Par Jean-Jacques Hubert, h2o architectes


Origine du projet

Ce projet de réaménagement, porté par l’équipe de CDC Habitat, l’OPAL, la SEDA et h2o architectes, naît d’un appel à manifestation d’intérêt remporté en 2019.

Comme dans tout projet qui se respecte, le point de départ passe par l’analyse du contexte urbain, social et architectural. Le Familistère bénéficie aussi de la richesse de son site, lequel alimente naturellement un rapport étroit entre habitat, fonctions, opérations et qualité de vie entre travail et vie privée ou publique. À travers le projet décrit plus bas, ces facteurs ressortent dans une adaptation de la fonction originelle des bâtiments à un mode de vie actuel, répondant aux urgences et normes environnementales actuelles. 

"Fête du travail - proclamation des lauréats dans la cour centrale du Familistère" Extrait de Solutions sociales, par Godin, 1871 [1]
"Fête du travail - proclamation des lauréats dans la cour centrale du Familistère" Extrait de Solutions sociales, par Godin, 1871 [1]

Contexte historique

Le familistère naît en 1840 de l’idée que se fait Jean-Baptiste André Godin du bien-vivre en communauté. Celui-ci crée à Guise une manufacture de poêles florissante, substituant le conventionnel usage de la tôle, pour de la fonte émaillée, permettant ainsi une réalisation plus pérenne et efficace du produit. Ce nouveau mode de chauffage connaît un est très rapide succès.


S’inspirant de l’œuvre de Charles Fourier (1772-1837), philosophe et instigateur de communautés utopiques, dites ‘phalanstères’, il projette de concrétiser un des éléments principaux de cette vision. À Guise, elle prend forme avec l’édification du familistère.
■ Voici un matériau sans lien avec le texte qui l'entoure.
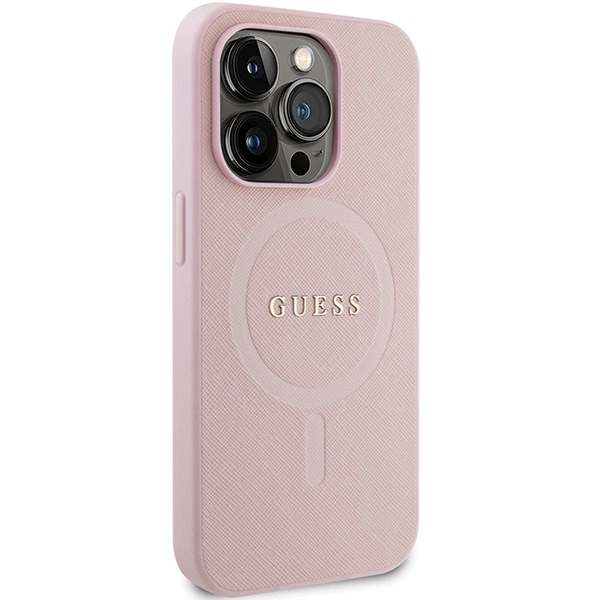 Guess GUHMP14LPSAHMCP dėklas iPhone 14 Pro – rožinis Saffiano MagSafe - Image 4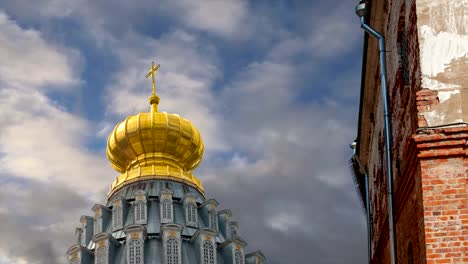 Resurrection-Monastery-against-the-sky--is-a-major-monastery-of-the-Russian-Orthodox-Church-in-Moscow-region,-Russia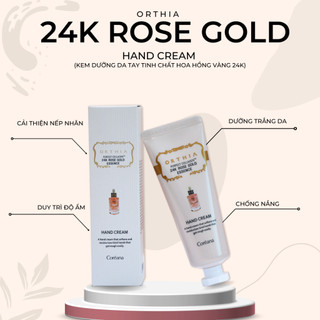 Kem dưỡng da tay tinh chất hoa hồng vàng 24K Orthia Perfect Collagen 24K Rose Gold Essence Hand Cream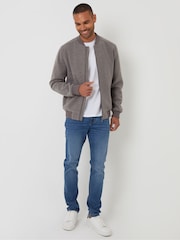Threadbare Brown Brushed Bomber Jacket - Image 3 of 4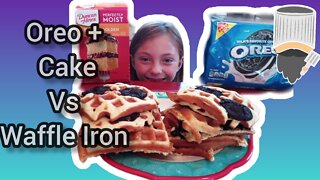 Oreos and Cake in the Waffle Iron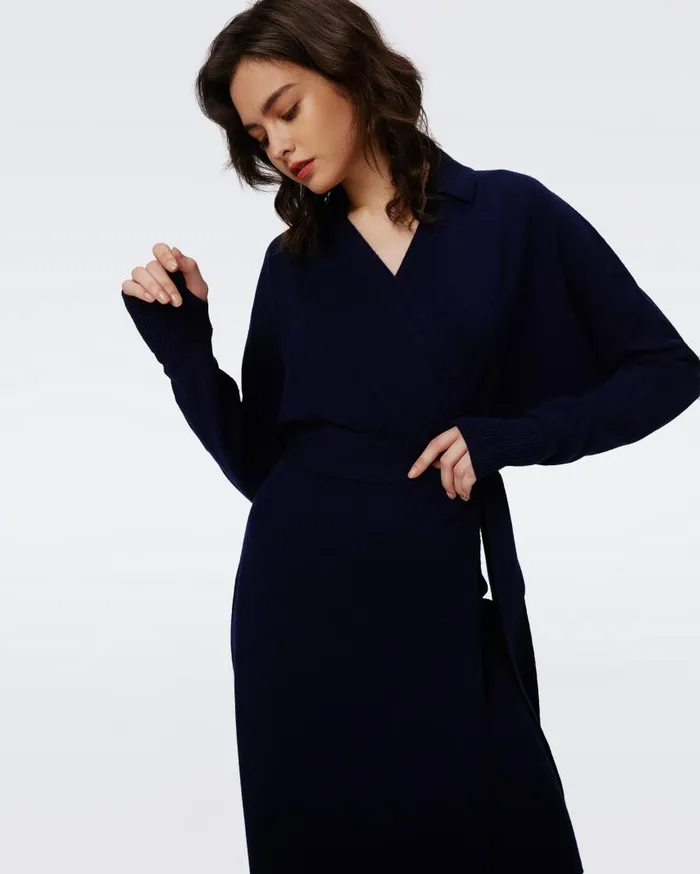 DVF Dresses Women Mac WoolCashmere Dress Navy
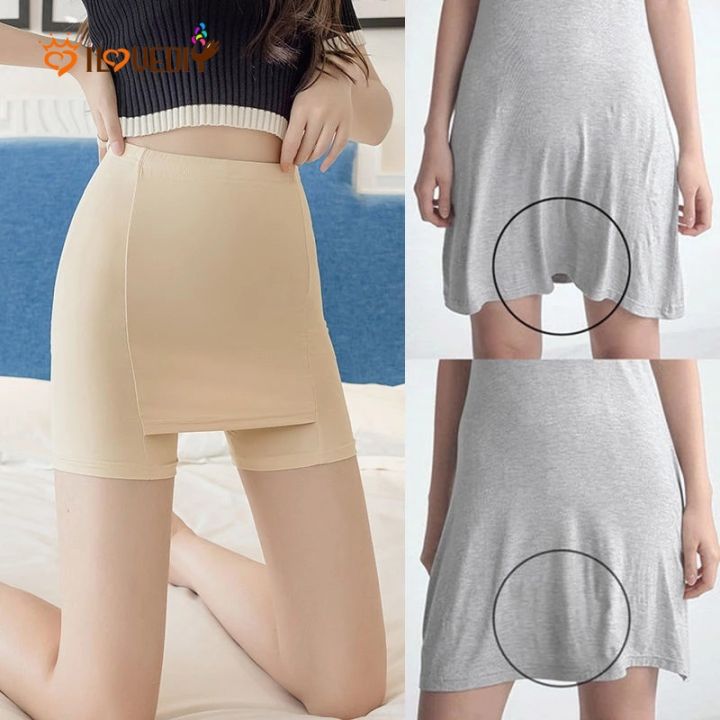 Women Ice Silk High Waist Safety Pants /Double Layer Seamless Thin Sliming Fit Safety Short Pants/Wome Summer Shorts Double Layer Seamless Skirt Shorts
Ainsi, l’organisation et la forme architecturale de cet ensemble urbain sont directement inspirées des idées fouriéristes. La conception essentielle du projet se répartit sur deux axes ; celui du savoir (nord-sud) et celui du travail (est-ouest) en liaison directe avec l’usine, moteur de cette nouvelle société.
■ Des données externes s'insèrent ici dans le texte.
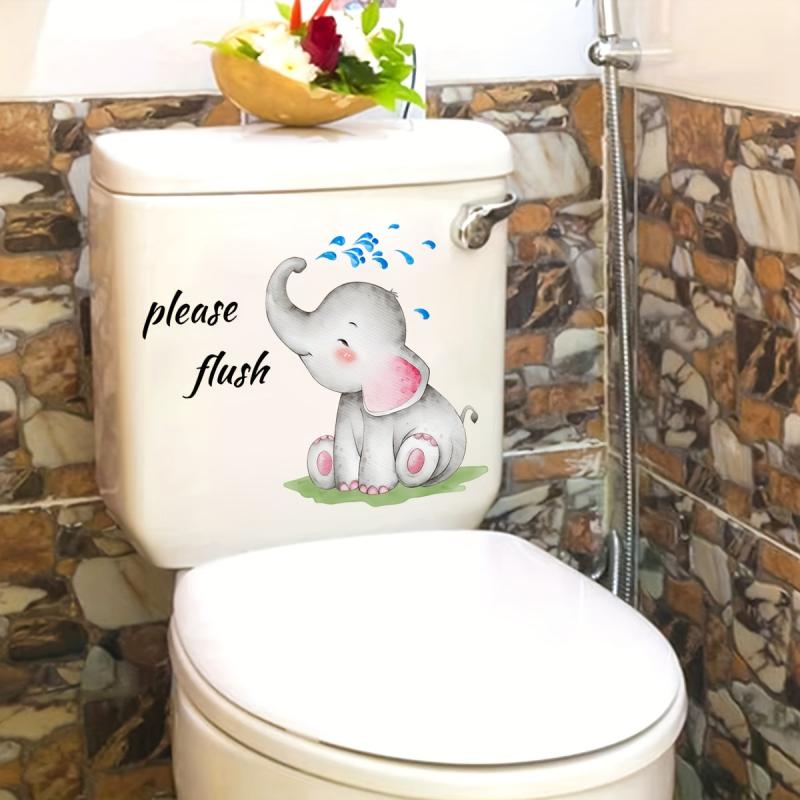 Elephant Wall Sticker Toilet Decoration Self-adhesive Bathroom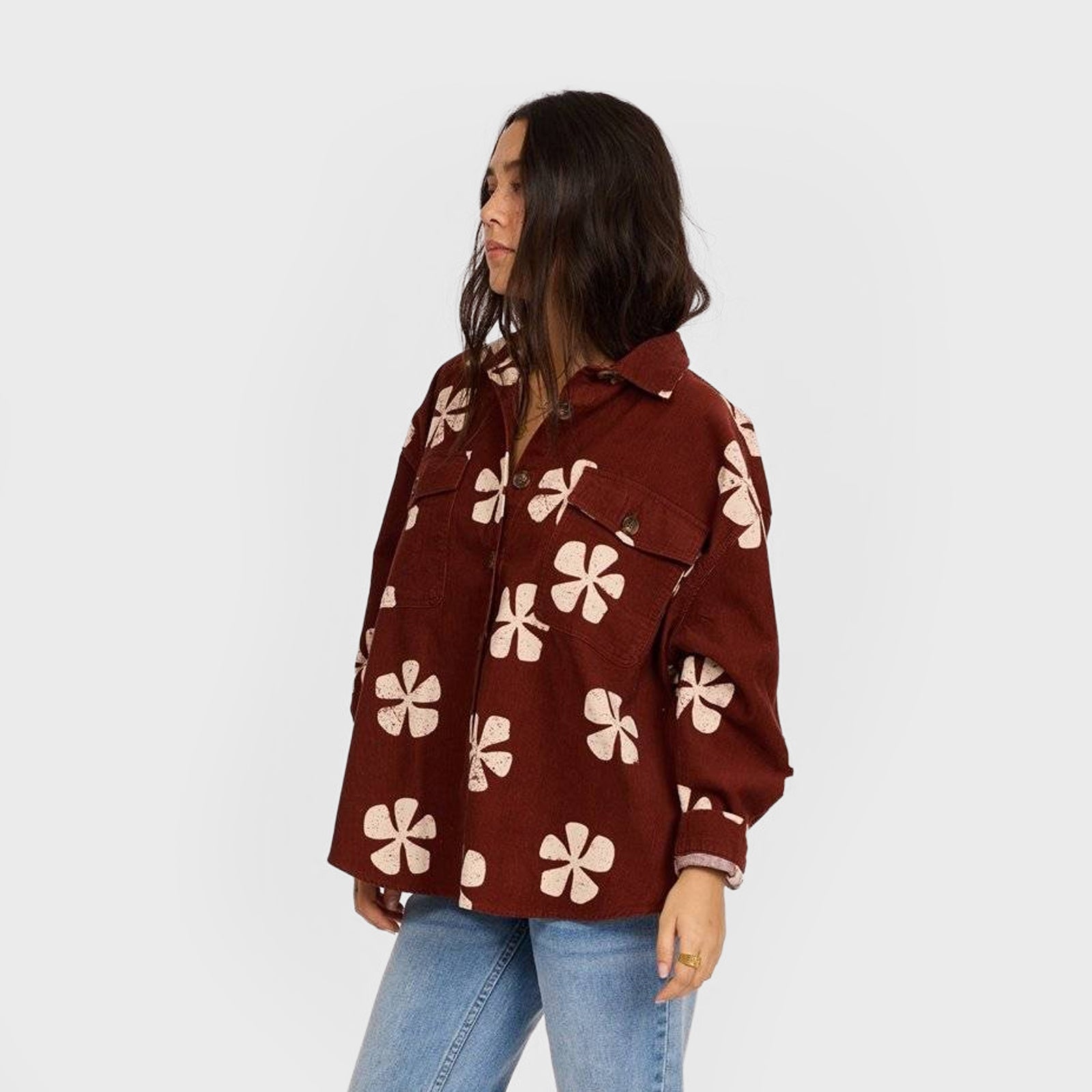 Sisstr Evolution Lush Palms Woven Shirt - Mahogany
Il répartit les bâtiments autour d’une vaste place avec différents équipements, dont ceux des habitations, des services, de l’éducation et des loisirs. Le palais social en constitue le centre.  Autour du pavillon central se positionnent deux ailes d’habitation. Au sud, face aux pavillons et aux ailes d’habitation, côté ville, se regroupent les économats, l’école, la bibliothèque et le théâtre. Au nord, la vue est dégagée et s’ouvre vers les jardins de la péninsule entre l’Oise et le Canal du moulin. Ce vaste ensemble est construit entre 1856 et 1884 en étapes successives alternant les usages, respectant ainsi, jusque dans le chantier, le souci d’une vie harmonieuse pour les habitants. En 1888, à la mort de J.B.A Godin et après plus de 25 ans de chantier, le familistère compte plus de 1700 habitants.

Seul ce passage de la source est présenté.